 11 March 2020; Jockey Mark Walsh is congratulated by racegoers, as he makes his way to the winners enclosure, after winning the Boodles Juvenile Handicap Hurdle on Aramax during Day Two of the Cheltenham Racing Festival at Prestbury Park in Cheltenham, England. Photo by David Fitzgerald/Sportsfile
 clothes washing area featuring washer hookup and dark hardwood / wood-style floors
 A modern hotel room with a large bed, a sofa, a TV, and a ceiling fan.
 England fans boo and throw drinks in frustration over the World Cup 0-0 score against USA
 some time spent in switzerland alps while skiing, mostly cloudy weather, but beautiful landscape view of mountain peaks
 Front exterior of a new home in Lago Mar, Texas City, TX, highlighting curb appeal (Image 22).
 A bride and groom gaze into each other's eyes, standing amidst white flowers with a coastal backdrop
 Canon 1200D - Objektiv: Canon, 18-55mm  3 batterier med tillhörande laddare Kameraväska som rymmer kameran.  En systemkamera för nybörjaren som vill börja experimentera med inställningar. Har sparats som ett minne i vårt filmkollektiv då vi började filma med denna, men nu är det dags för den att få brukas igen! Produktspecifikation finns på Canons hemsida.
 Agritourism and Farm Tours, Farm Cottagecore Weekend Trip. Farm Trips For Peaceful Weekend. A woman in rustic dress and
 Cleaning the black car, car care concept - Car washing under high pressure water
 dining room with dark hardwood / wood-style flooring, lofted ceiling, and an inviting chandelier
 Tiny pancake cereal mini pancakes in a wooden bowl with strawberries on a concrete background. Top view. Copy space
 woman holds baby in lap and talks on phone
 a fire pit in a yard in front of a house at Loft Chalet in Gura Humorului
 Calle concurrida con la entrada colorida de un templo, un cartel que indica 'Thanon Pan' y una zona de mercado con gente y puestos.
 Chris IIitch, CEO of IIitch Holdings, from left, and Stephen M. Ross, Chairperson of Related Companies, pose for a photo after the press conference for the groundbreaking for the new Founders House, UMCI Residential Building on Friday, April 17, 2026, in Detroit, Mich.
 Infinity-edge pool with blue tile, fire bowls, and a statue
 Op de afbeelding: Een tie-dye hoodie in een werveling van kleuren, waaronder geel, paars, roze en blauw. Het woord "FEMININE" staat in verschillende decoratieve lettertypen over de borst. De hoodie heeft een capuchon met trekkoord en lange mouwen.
################
What you should do ▸ Only the lines from the one containing "Infinity-edge pool with" through the end of the material should be reproduced, exactly, with both ends included.

Response ▸
 Infinity-edge pool with blue tile, fire bowls, and a statue
 Op de afbeelding: Een tie-dye hoodie in een werveling van kleuren, waaronder geel, paars, roze en blauw. Het woord "FEMININE" staat in verschillende decoratieve lettertypen over de borst. De hoodie heeft een capuchon met trekkoord en lange mouwen.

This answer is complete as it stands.